Del had a list of eight more people he wanted to interview about Smith, with addresses. Though it was late, they found four of them with the lights on, but got no help. After the last one, Lucas followed Del back down the street to the car, and Del asked, “You know what the perfect crime is?”

“You’re gonna tell me, right?”

“It’s when you walk up to a guy you don’t know that well, because you want the crack in his pocket. You look around, there’s nobody watching. You pull your gun and Bam! you kill him. You take the crack and you walk away,” Del said. “Nobody gives two shits about a crack dealer, so there’s not gonna be a big deal investigation. There’re gonna be two guys walking around with notebooks, for maybe a week. There’s a million potential suspects, and no real connection between the killer and the killee, and an hour after the killing, the evidence has already gone up somebody’s pipe.”

“But somebody could see you-”

“Eh-no. Or they turn away. Smith wouldn’t be standing out in the middle of the street, handing it off. That’s why dope dealers get killed. Get killed all the time. Because they’re vulnerable and they’re worth killing. The guys doing it are desperate for a hit, they don’t have a hell of a lot to lose, and they don’t have two brain cells to rub together. So, they don’t worry about it, they don’t talk about it, they don’t plan it. It’s just walk up, look around, pull out the piece, pop him, and go.”

“All right-but when was the last time you picked up a dead black crack dealer in the alley behind a bunch of houses where all the people are white?” Lucas asked.

Del held up an index finger. “That’s another reason I like your whole spontaneous, semi-accidental murder theory. It’s possible that our crack-freak killer doesn’t exist. At least, not this one.

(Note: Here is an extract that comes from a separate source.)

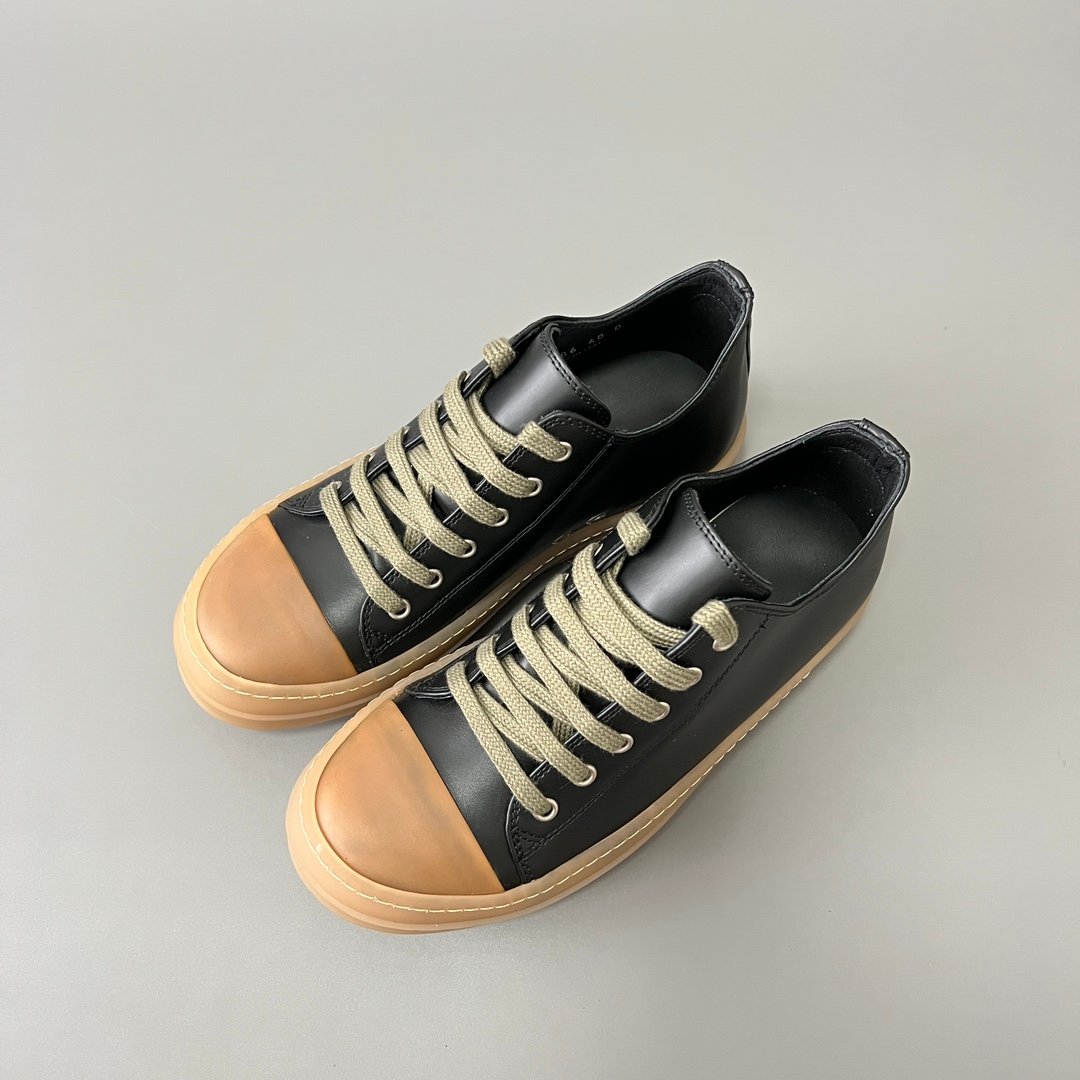 Aurora Custom Rick Owens Mainline Classic Ramones Low - Black Leather with Amber Translucent Sole (1:1 Deconstructed) - Image 8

So we’re looking for the wrong dude. He doesn’t exist. Maybe your dude does.”

“My dude exists-he snatched the girls,” Lucas said.

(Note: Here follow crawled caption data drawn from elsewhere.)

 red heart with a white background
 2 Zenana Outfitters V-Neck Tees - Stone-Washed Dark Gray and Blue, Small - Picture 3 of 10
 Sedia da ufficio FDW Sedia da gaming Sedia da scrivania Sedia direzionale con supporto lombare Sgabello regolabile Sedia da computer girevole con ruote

“Unless Scratch did it,” Del said.

“Scrape.”

“Yeah, Scrape. The point remains: we are wasting our time, right now,” Del said. “We aren’t gonna hang the Smith murder on a neighborhood guy unless an eyewitness turns up, and even then, we’d probably need to kick a confession out of the guy. Because (a) there’s no link to follow, and (b) nobody gives a shit. There’s no logic to a crack killing. No puzzle you can figure out. Only hunger.”

“You got me convinced,” Lucas said. “But you gotta keep your eye on the other ball, too.”

“What ball?”

“The political ball,” Lucas said. “The ball that requires two white guys to be out roaming around the black community so it looks like somebody cares, when nobody does.”

“I don’t like that ball,” Del said.

After a while, when the lights started going out around the neighborhood, they went home. Lucas thought about the case while waiting for sleep to catch up with him. It was confusing, but in a pleasant way: it was intricate, like a puzzle, like a really magnificent game. You could make a million moves, and prove yourself a complete fool.

He was still sleeping soundly at eight o’clock the next morning when his phone rang. The comm center was calling to say that some woman was trying to get in touch, and she’d said it might be an emergency. Lucas dialed the number she left, not recognizing it, and the blue-haired Karen Frazier picked up.

“All right, Scrape’s name is all over the place and the whole street is all freaked out, and I was talking to a guy named Millard and he told me that he saw Scrape last night sneaking along the riverbank across from the falls. On the east side.”

“Where are you?” Lucas asked.

“Right there, on Main. I was looking around for him.”